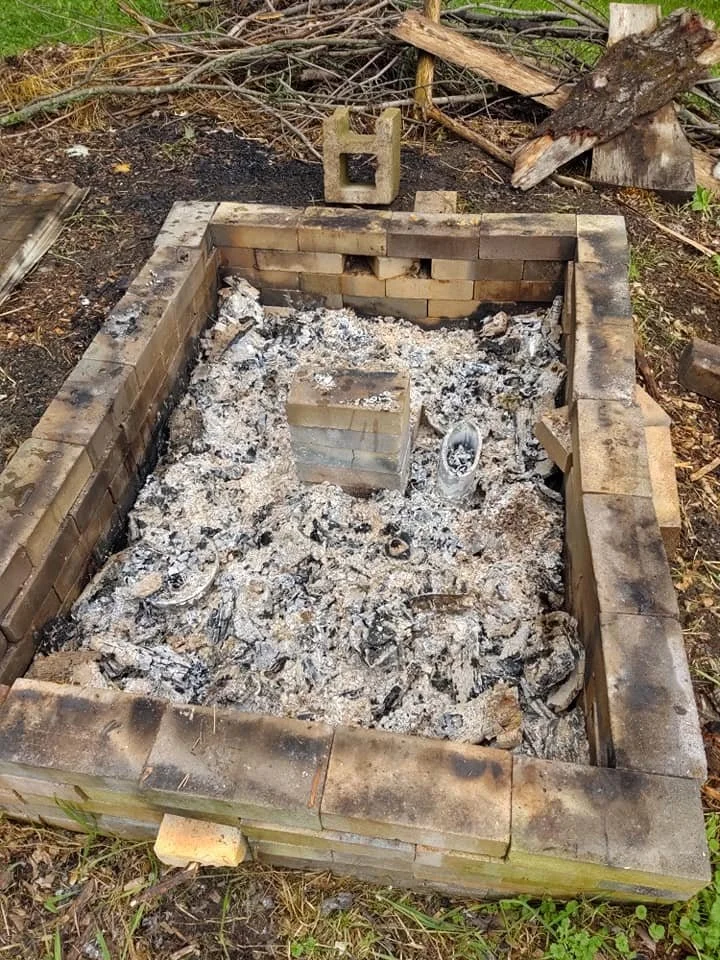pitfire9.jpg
==
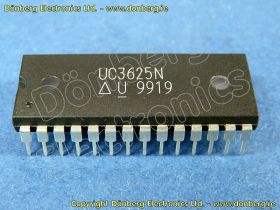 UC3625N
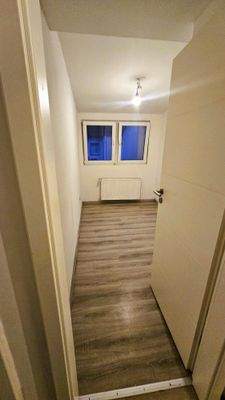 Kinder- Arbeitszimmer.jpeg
---
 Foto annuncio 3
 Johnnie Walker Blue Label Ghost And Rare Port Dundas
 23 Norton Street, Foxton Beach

TASK BRIEF: Return exactly, and only, the lines above starting at the line that contains "Johnnie Walker Blue" and ending at the line that contains "23 Norton Street, Foxton Beach".

TASK SOLUTION:
 Johnnie Walker Blue Label Ghost And Rare Port Dundas
 23 Norton Street, Foxton Beach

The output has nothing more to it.